→ Entries provided

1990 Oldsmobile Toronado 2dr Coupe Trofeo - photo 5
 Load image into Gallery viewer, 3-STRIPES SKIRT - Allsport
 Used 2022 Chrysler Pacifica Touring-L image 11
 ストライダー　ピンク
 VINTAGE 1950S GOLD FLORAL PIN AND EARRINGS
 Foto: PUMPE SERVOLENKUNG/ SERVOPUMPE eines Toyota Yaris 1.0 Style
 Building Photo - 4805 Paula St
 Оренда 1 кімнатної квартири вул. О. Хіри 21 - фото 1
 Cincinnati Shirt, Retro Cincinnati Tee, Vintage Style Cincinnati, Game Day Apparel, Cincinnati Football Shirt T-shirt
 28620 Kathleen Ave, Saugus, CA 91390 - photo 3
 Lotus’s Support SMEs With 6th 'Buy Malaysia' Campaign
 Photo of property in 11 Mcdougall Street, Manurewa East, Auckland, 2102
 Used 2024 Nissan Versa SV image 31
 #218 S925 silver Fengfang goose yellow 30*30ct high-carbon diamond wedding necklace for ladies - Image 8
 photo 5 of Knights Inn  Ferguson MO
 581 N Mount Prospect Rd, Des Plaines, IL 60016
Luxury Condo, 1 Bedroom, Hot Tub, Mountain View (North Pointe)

→ Work instructions
Starting at the line that contains "Lotus’s Support SMEs", write out every line through the end of the entries, exactly and with nothing added.

→ Answer box
 Lotus’s Support SMEs With 6th 'Buy Malaysia' Campaign
 Photo of property in 11 Mcdougall Street, Manurewa East, Auckland, 2102
 Used 2024 Nissan Versa SV image 31
 #218 S925 silver Fengfang goose yellow 30*30ct high-carbon diamond wedding necklace for ladies - Image 8
 photo 5 of Knights Inn  Ferguson MO
 581 N Mount Prospect Rd, Des Plaines, IL 60016
Luxury Condo, 1 Bedroom, Hot Tub, Mountain View (North Pointe)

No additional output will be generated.